The striking features of fundamental rights provision in the
Constitution is that they provide a just balance between the rights of the
subject on the one hand and that of the
government or state on the other (per Idigbe J.S.C, in the” All Nigeria Judges Conference
in 1982).
Thus to the great jurist, “human rights” is more of an
earthly concept. In Saude V Abdullahi
(1989) 4 NWLR (pt 116) 32 at 418 – 419, the court said:
“I regard them as not
just mere rights. They are fundamental. They belong to the citizen. These
rights have always existed even before orderliness prescribed rules for manner
they are to be sought”.
“Indeed, human rights
have to stand above the ordinary laws of the land. They are antecedent to the
political society itself. Human Rights are and must be a primary condition to a
civilized society. Thomas Paine one of the greatest thinkers of rights of man
vilified governments without constitutions for the reason that the Laws of such
governments would be irrational and tyrannical. He said of the British system
of government -
“one of the vitest that can be
set up”
He went on: - “Government
without a Constitution for the want of a constitution in England to restrain
and regulate the wild impulse of power, many of the laws are irrational and tyrannical
and the administration of them vague and problematical.

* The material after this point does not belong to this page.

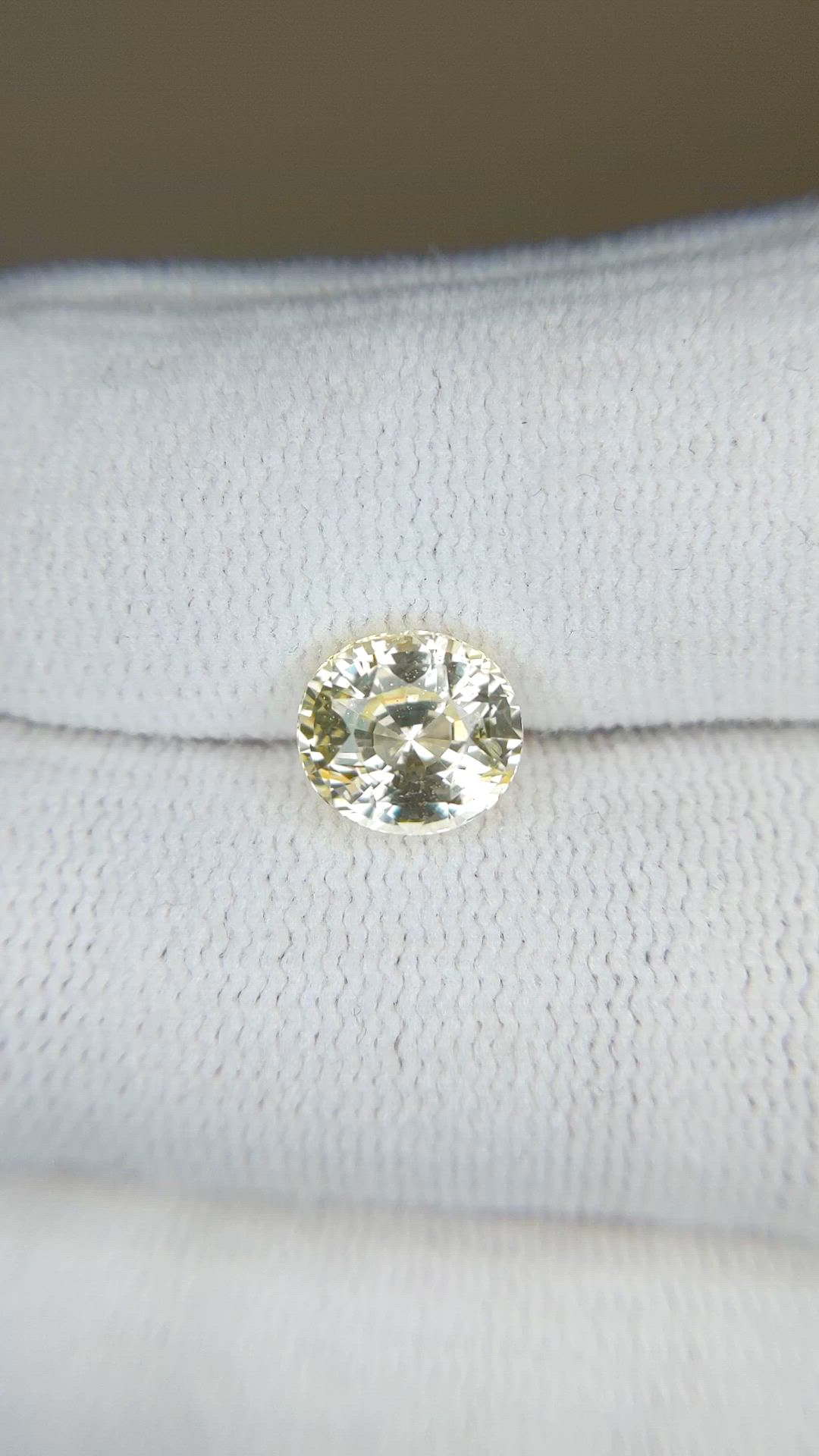 2.68 Ct. Yellow Sapphire from Ceylon (Sri Lanka) Size Video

The concept of “remedies” is
clearly related to the concept of “right”, as well expressed in the Latin maxim
Ubi ius ubi remedium or “a remedy accrues
only where there is a right Remedy “is the means employed to enforce or redress
an injury.”
Constitutional Construction
Judicial
attitude to individual rights in the 1999 Constitution is dictated by the
principles which the courts do or should follow in the interpretation and
construction of the provisions of the Constitution. Sir Udo Udoma JSC, said in Nafiu Rabiu V The State (1981) 2 NCLR 293 at
326 that:
“the function of the
Constitution is to establish a framework and principle of government, broad and
general in the terms intended to
apply to the varying conditions which the development of our several
communities must involve. Ours being a plural dynamic society, and therefore,
more technical rules of interpretation of statutes are to some extent
inadmissible in a way so as to defeat the principle of government enshrined in
the Constitution……… this court should whenever possible and in response to the
demands of justice, team to the broader interpretation. It is my view that the
approach of this court to the construction of the Constitution should be and so
it has been one of liberalism, probably a variation on the theme of the general
maxim ut, res magis valeat quam pereat. I do not conceive it to be the duty of
this court so as to construe any of the provisions of the Constitution as to
defeat the obvious ends the Constitution was designed to serve where another
construction equally in accord and consistent with the words and sense of such
provision will serve to enforce and protect such ends”.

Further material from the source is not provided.